What lines of the material below include the string "torque"? Copy all of them.

━━━

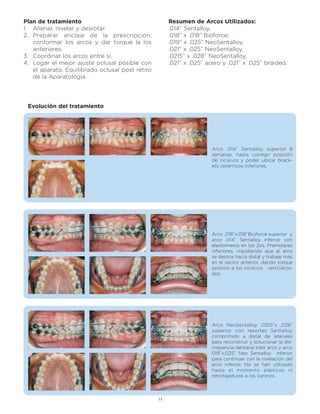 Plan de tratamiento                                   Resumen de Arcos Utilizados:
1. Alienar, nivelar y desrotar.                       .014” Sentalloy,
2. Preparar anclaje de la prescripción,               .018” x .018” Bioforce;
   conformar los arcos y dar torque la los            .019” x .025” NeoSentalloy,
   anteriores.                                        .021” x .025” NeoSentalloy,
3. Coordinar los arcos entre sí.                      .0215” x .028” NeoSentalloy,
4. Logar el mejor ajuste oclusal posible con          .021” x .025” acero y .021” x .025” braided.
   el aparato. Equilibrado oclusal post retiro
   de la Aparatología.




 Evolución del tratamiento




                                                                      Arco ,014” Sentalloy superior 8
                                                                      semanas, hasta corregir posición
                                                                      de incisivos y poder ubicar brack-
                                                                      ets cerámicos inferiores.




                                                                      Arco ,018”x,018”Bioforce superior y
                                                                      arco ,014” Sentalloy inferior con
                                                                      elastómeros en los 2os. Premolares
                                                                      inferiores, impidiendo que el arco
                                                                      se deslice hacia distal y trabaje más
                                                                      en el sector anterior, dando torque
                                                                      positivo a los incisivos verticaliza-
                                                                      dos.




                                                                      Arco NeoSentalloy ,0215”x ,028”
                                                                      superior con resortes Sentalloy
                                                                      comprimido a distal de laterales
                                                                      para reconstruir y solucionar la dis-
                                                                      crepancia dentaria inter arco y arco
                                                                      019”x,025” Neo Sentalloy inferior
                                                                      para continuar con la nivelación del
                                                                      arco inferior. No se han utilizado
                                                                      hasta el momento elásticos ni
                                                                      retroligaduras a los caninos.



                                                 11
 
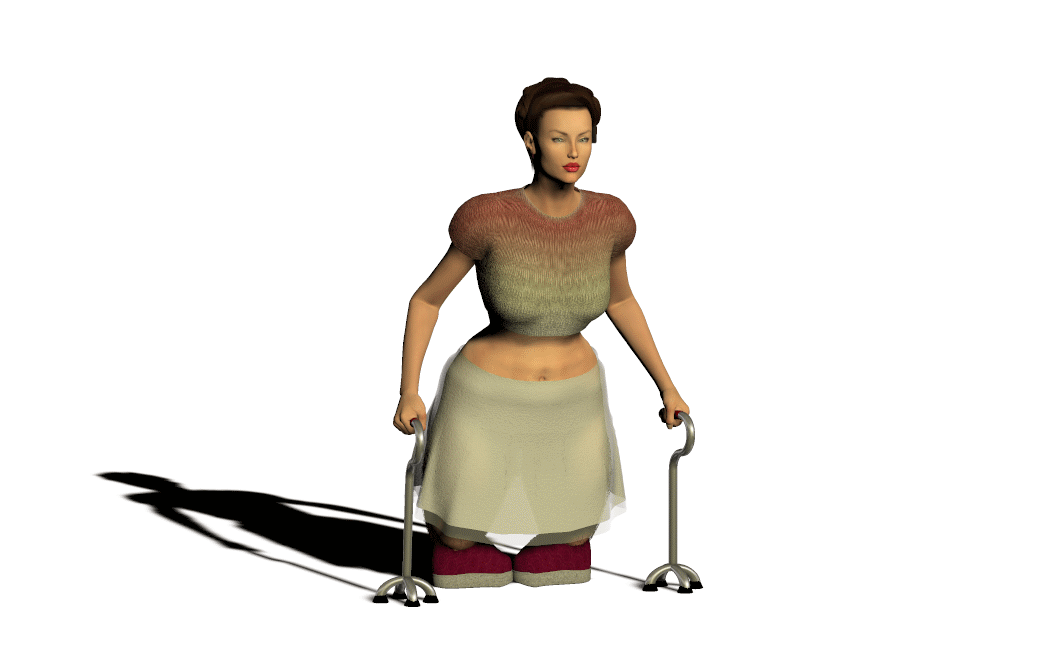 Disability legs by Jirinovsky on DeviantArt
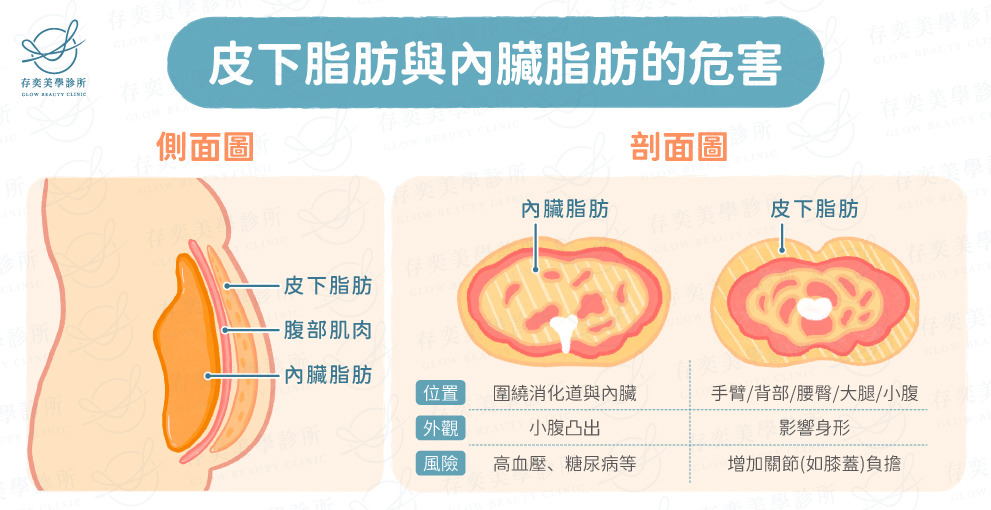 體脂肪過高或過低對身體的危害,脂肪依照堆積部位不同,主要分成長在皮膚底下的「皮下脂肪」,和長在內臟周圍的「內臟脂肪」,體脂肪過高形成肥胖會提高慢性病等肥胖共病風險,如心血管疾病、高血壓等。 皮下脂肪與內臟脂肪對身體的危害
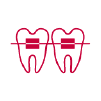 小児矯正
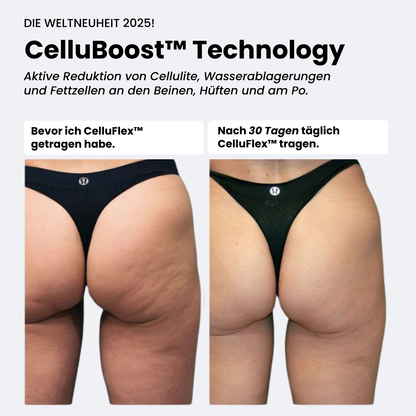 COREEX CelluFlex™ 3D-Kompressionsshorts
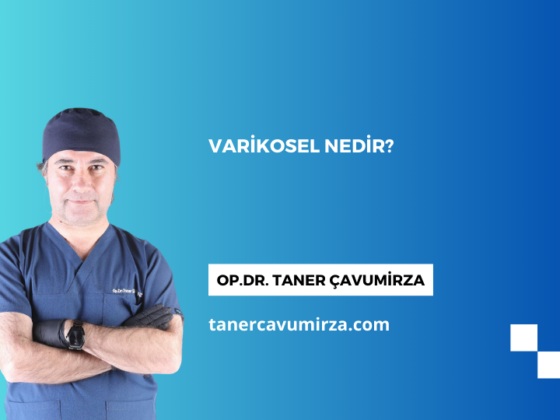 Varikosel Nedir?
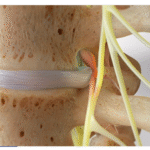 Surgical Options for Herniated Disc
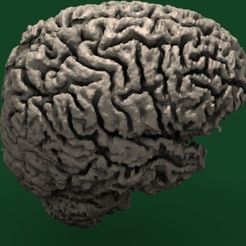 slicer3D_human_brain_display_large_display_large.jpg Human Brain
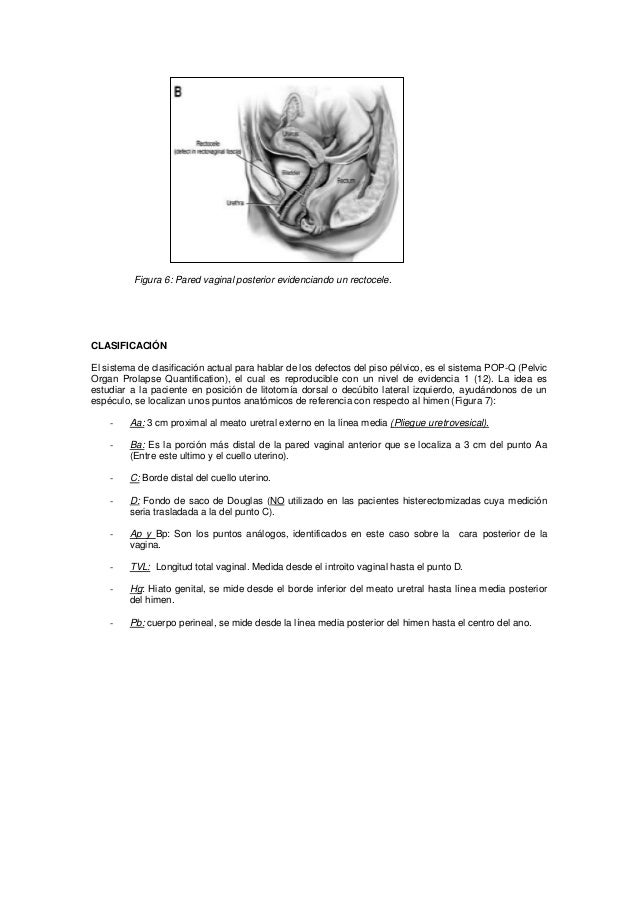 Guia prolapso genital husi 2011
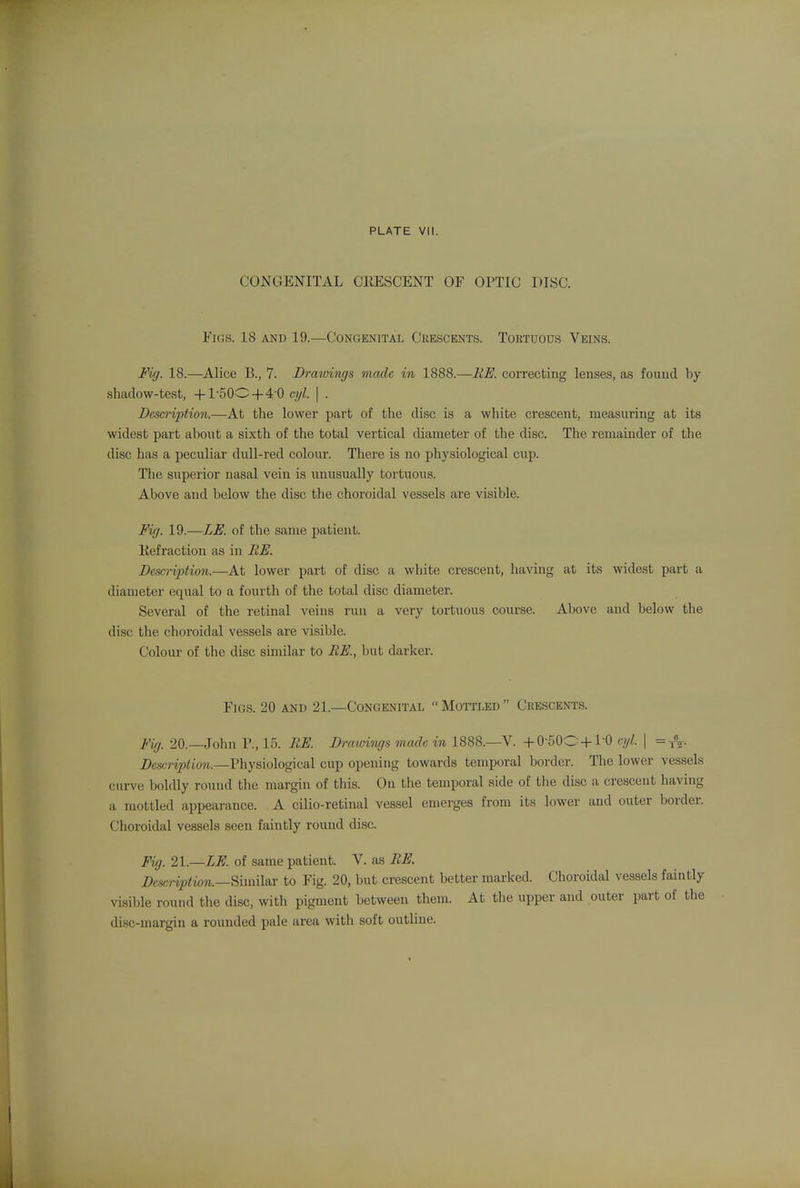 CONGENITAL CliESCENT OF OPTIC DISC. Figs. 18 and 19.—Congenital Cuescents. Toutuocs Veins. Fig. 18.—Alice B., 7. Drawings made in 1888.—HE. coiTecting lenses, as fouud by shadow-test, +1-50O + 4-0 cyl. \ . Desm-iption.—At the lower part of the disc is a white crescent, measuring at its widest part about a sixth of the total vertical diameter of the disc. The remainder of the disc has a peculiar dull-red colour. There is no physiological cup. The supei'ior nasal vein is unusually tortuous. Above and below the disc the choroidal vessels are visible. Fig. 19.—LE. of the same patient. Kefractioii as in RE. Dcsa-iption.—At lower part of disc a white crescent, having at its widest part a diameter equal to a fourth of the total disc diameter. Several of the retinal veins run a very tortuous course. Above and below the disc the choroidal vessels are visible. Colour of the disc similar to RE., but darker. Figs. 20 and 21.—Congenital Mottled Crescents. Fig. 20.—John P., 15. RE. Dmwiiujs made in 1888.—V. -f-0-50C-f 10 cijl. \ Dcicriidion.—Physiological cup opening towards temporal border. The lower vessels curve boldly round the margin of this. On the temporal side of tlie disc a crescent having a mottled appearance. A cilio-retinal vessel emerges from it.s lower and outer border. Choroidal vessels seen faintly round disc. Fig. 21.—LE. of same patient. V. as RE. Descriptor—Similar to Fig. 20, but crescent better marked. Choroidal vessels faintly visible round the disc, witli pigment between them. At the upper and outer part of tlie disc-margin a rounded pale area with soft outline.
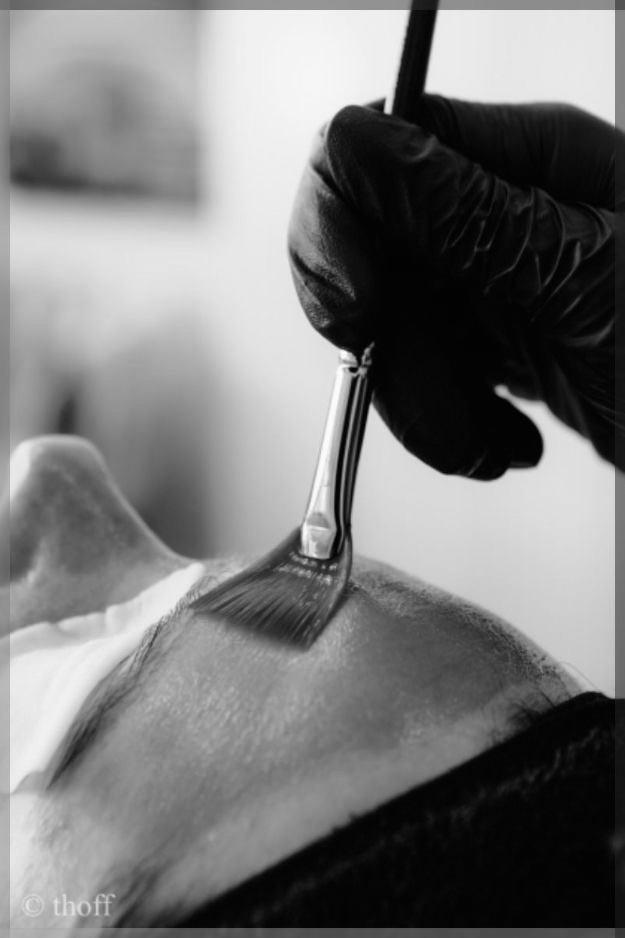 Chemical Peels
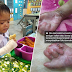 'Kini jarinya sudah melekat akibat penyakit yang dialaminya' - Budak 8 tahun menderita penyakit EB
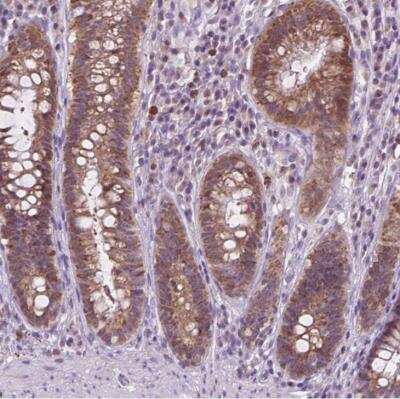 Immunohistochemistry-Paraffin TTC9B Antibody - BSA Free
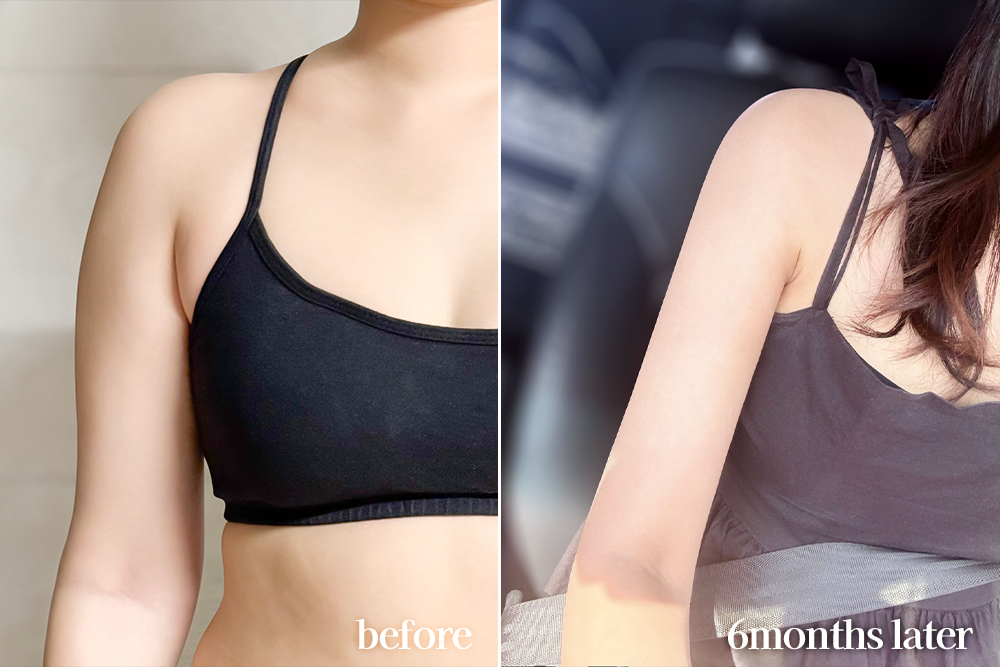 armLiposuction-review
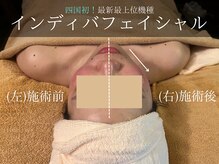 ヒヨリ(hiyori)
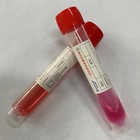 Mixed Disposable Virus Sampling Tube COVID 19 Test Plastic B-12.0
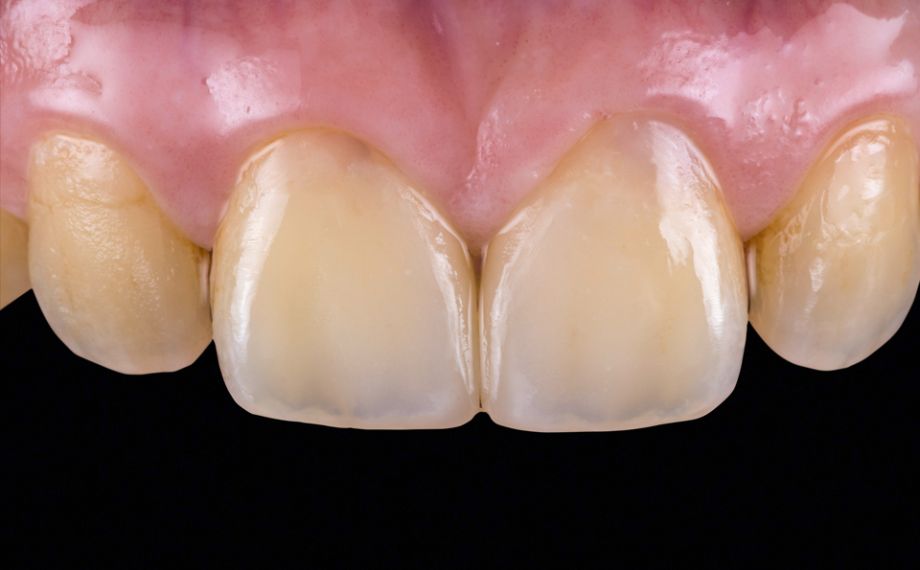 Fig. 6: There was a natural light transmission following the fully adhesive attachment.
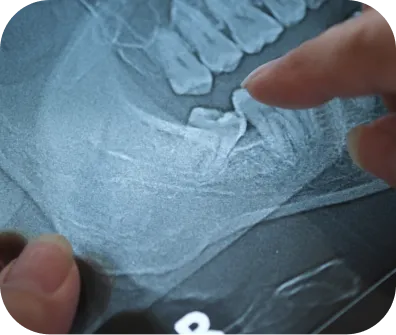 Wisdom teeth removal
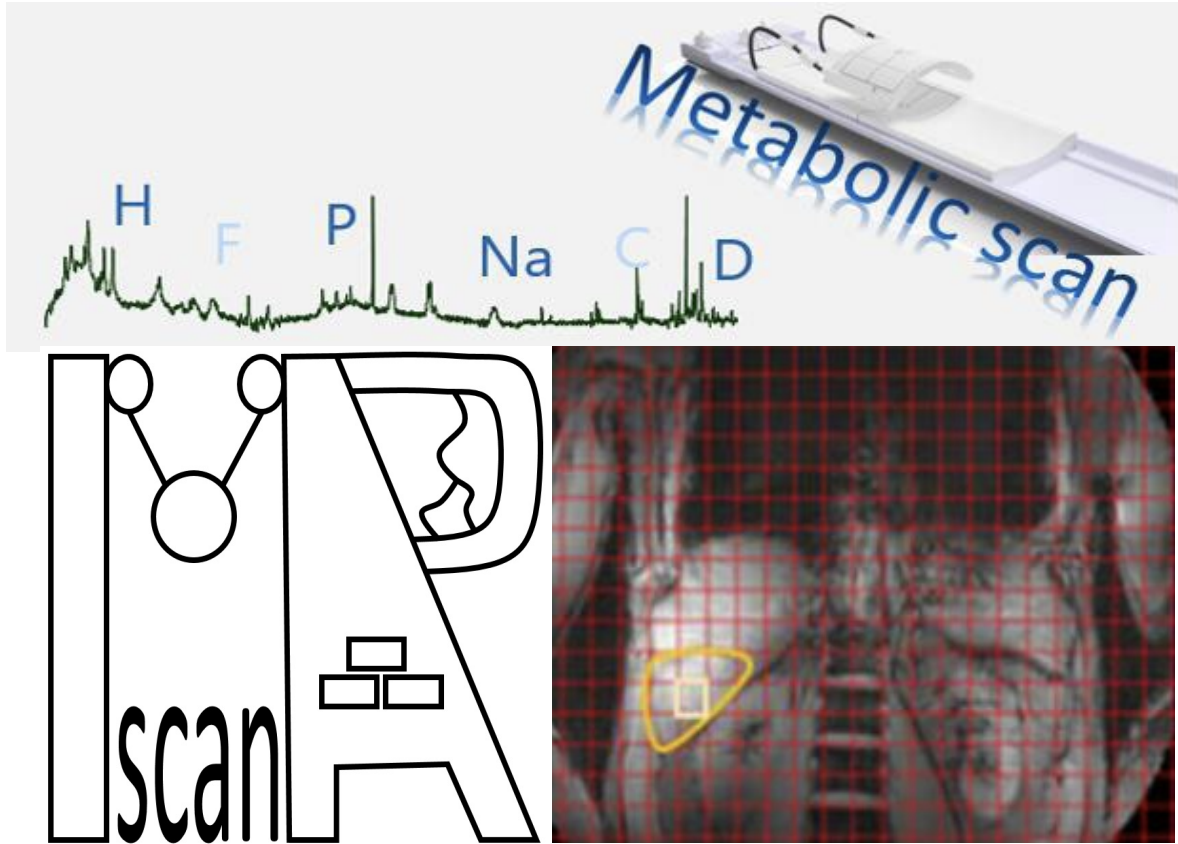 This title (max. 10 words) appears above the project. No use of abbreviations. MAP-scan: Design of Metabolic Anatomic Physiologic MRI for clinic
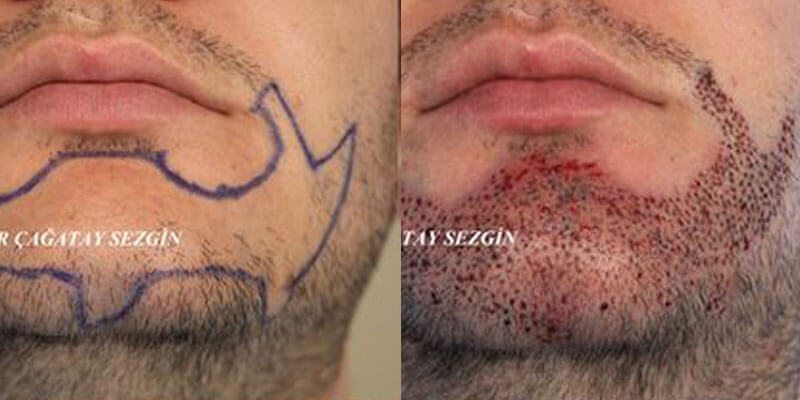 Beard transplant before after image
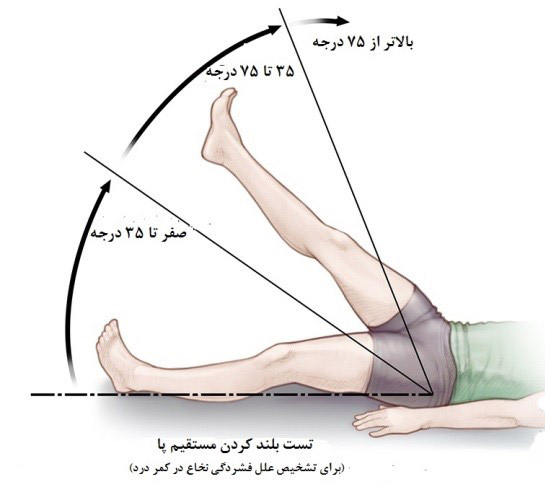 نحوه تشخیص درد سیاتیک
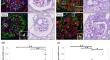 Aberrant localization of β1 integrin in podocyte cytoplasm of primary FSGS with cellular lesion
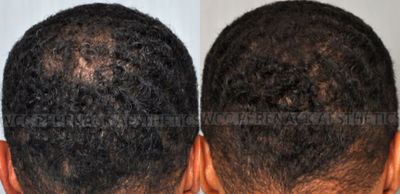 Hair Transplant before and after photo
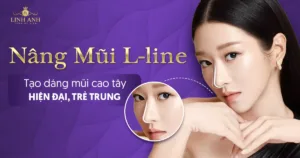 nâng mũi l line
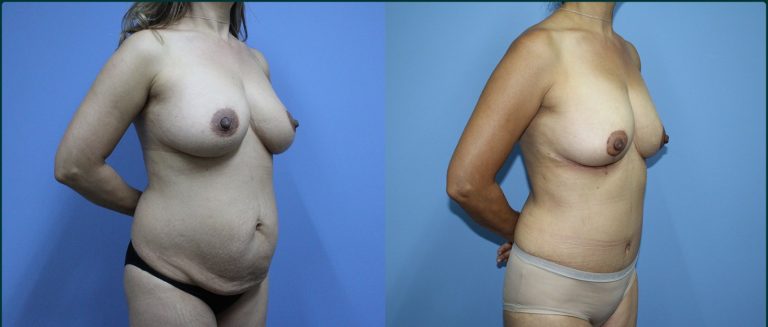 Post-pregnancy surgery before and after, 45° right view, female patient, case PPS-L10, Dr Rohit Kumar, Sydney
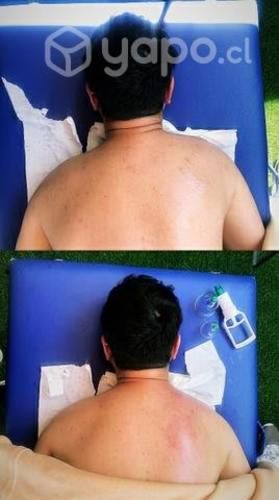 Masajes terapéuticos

━━━

§ REPLY:
   conformar los arcos y dar torque la los            .019” x .025” NeoSentalloy,
                                                                      en el sector anterior, dando torque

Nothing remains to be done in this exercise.